During the week I travelled to Clogher in county Tyrone to deliver a pitch-based session on a ‘games-based approach to training’ and the beauty of the evening for the 40-plus coaches in attendance was that it had been tailored to suit coaches at all levels of the game, from u-10 right up to adult senior level. It offered coaches a world of ideas to take back to their own training sessions.
The session included approximately 10 different games, including some fun games, focused games, transition games and conditioned games relevant to all ages.
Some of these games I have actually ran at u-12 sessions and I have used the exact same game – with a little adaption – at senior inter-county level.
The session included some break ball games, kicking games, scoring games, spatial awareness games, transition games and games to improve conditioning levels so the coaches got a huge volume of ideas. I have to say the young u-16 squad from the club proved to be excellent contributors considering the wild and wet conditions.
When speaking to the coaches in Clogher on Monday evening, I said to imagine the game I was demonstrating as a tree. What grows from trees? Branches, so they should be trying to branch out three or four more games from the actual game they are seeing.
Also the question was posed to me quite regularly, “Stevie could we use that at senior level or could we use that at u-14 level?” The answer is simple, of course we can use any game at any level but you apply the STEP principle. That is space, time, equipment and players.
So at underage level if running a scoring exercise, the space might not be 45 yards from goal but maybe 30 yards, the time might not be 90 seconds but maybe 45 seconds, for equipment you might have more balls in play and you may use more or less players depending on your numbers.
This is a fabulous time of the year to upskill yourself or other coaches within your club just before the pre-season kicks off.

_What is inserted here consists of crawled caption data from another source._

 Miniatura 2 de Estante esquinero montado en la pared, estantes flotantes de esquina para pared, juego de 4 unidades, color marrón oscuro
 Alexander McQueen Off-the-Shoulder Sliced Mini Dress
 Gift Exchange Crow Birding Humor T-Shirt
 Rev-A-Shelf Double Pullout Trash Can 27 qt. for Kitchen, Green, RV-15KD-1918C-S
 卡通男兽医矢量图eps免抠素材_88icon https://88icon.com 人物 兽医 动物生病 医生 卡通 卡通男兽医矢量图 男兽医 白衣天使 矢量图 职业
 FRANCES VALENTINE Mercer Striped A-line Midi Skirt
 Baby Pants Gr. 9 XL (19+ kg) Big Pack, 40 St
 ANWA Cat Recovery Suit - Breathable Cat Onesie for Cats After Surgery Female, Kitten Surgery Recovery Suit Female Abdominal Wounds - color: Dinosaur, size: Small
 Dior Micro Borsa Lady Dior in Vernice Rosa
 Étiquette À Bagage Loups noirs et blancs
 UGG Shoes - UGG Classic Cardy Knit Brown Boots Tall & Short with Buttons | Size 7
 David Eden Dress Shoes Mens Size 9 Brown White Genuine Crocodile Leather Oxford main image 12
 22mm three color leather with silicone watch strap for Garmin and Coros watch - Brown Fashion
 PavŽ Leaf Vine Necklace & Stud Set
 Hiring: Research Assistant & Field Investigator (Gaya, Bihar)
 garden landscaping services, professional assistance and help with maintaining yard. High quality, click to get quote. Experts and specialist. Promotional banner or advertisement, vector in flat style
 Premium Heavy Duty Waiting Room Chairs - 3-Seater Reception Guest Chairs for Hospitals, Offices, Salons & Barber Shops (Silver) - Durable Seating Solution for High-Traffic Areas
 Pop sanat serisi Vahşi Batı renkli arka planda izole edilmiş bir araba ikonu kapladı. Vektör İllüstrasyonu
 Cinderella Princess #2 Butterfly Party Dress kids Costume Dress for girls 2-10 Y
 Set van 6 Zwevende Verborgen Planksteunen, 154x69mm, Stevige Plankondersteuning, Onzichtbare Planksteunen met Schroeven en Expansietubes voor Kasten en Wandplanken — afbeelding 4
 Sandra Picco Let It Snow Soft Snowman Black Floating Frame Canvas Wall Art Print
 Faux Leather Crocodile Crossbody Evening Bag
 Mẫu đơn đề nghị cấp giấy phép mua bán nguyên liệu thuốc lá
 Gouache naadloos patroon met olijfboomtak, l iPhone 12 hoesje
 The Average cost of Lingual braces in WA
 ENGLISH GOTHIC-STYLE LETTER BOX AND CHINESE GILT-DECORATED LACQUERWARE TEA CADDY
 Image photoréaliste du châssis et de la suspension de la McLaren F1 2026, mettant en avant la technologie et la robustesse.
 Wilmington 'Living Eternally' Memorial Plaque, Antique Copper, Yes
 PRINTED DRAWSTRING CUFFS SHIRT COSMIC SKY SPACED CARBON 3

Now is the time to load yourself and others with fresh and innovative ideas.
I am looking forward to heading back to Tyrone to work with a couple of clubs in the next few weeks and I am delighted to have been asked to present a pitch session on ‘transition play’ at the Meath GAA coaching conference at the start of next month which promises to be an excellent day’s learning from some brilliant presenters.
I am always a great believer coaches that if you attend a coach education session, day or evening and pick up one small thing which will aid your own coaching it’s been a huge success!